Add forceSchema option to output to specified schema
This addresses https://github.com/databricks/spark-avro/issues/52
So, this patch might be a bit ugly and, given that I've done this internally, it may not be up-to-snuff, but I'm willing to get it cleaned up in the interest of making this a worthwhile contribution. Its currently running for us on a number of spark jobs and working properly. Please tear into it and provide feedback. I will try to have the unit tests added over the weekend.
Oh, and hello! :)
Codecov Report
Merging #222 into master will increase coverage by
1.7%. The diff coverage is94.36%.
@@ Coverage Diff @@
## master #222 +/- ##
=========================================
+ Coverage 90.46% 92.16% +1.7%
=========================================
Files 5 5
Lines 325 383 +58
Branches 51 73 +22
=========================================
+ Hits 294 353 +59
+ Misses 31 30 -1
What is the status on this?
I know Spark 2.2.0 support has recently been merged, so there is some activity, but I'm curious who I need to reach out to in order to get some eyes on this PR. There's not a contributing doc AFAIK, so I'm at a loss as to how to push this forward.
I have additional enhancements and fixes to this code, but before I go through the exercise of rebasing and incorporating them, I'd like to know whether this might get looked at. Tagging some top contributors... @JoshRosen @marmbrus
Thanks in advance.
@lindblombr could you resolve the conflict?
Ping @cloud-fan @liancheng for review.
Thanks.
If the spark schema doesn't match the specified avro schema, what shall we do? And shall we allow compatible schema changing like int to long?
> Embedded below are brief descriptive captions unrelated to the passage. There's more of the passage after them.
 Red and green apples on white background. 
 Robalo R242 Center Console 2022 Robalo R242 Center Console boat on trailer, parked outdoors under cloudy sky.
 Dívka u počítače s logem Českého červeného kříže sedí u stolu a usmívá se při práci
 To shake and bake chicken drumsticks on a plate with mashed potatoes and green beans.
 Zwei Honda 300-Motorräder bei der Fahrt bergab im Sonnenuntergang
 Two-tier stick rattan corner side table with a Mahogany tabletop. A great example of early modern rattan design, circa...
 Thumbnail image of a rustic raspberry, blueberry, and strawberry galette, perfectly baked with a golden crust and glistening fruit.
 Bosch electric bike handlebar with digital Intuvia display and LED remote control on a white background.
@cloud-fan If the schemas don't match, my thinking was that writing would fail (in some way). But, if we want it to be more elegant, I'd need to implement some compatibility checking and better error handling. Otherwise, the errors can occur in any number of places, making problems difficult to diagnose. The intent of this was to handle, specifically, the case of reading in a set of avro files and writing that same set of avro files out using the same writer schema. In this case, it works well. For cases outside of this, it seems it would be the responsibility of the developer to ensure type consistency.
If we want this change to be more generic, I can add handling for "forward compatible" types, like "int" => "long", "float" => "double", etc.
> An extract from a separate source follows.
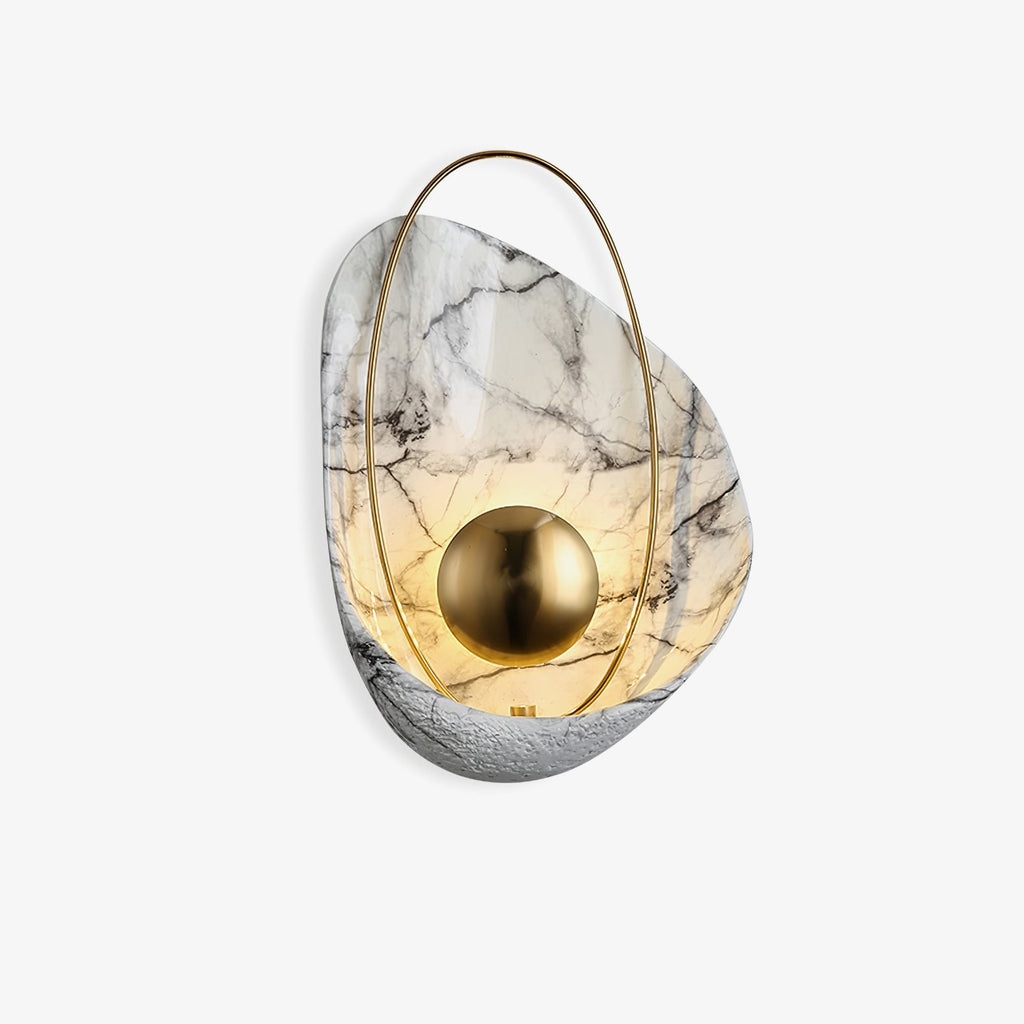 Marbled shell wall sconce in white, lit behind its brass orb, shown against a plain white ground.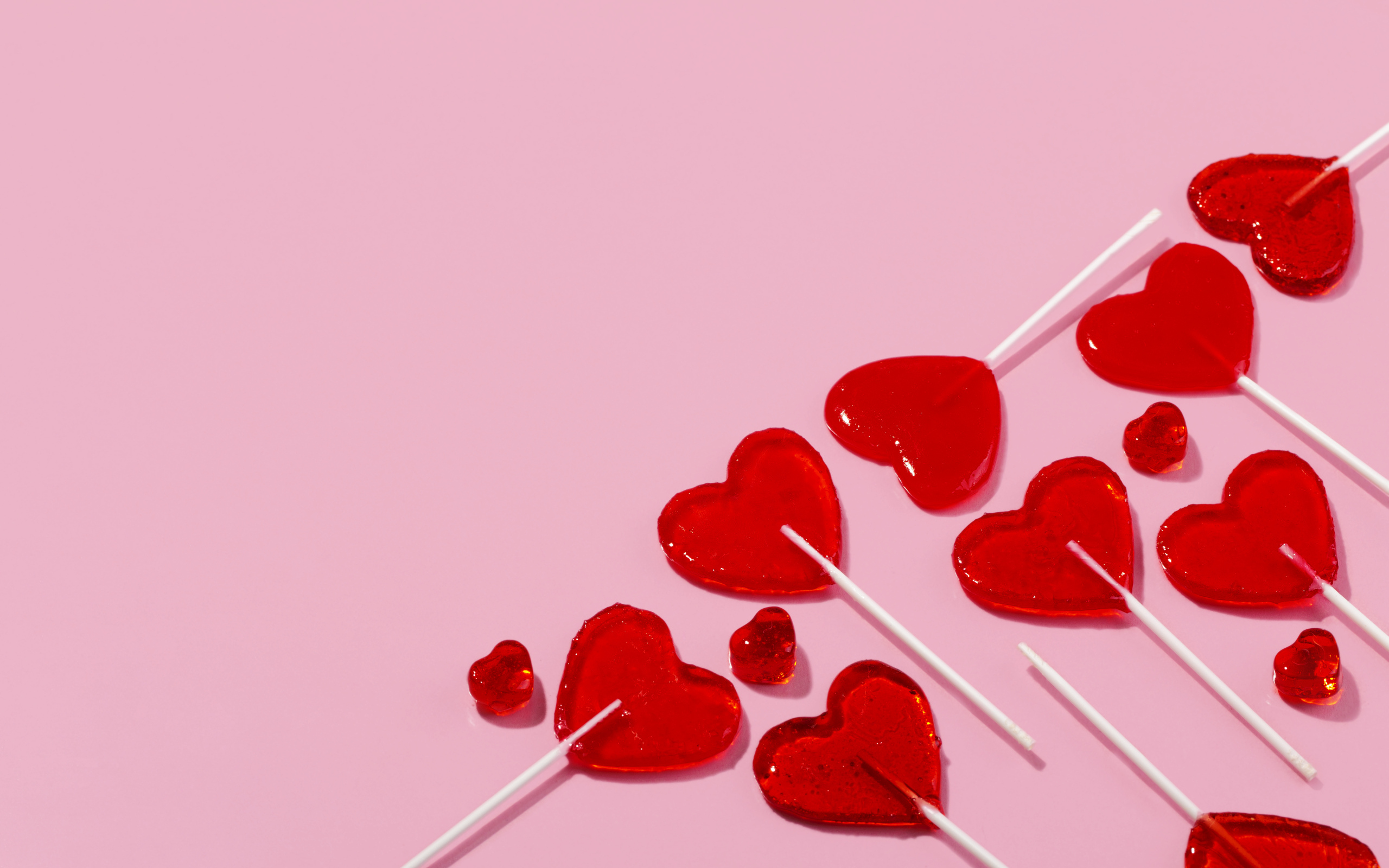 Леденцы в форме сердца на розовом фоне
Barring that, I would be happy to add some more detailed error handling, so we can say things like
- SchemaMismatchException: Dataset to store has field foo which does not exist in forceSchema 'myschema'.
- SchemaFieldTypeMismatchException: Dataset to store has field bar of type 'string' while forceSchema specified field bar of type 'long'
- SchemaMismatchException: Dataset to store has no fields that match forceSchema
- WARN field a of type int of dataset will be converted to Avro type long using forceSchema
- ERROR field a of type long cannot be converted to Avro type int
etc. etc.
Thanks so much for taking a look!
As a start, I think we can simply require the spark schema to be same as avro schema, while accepting namespace/field name difference.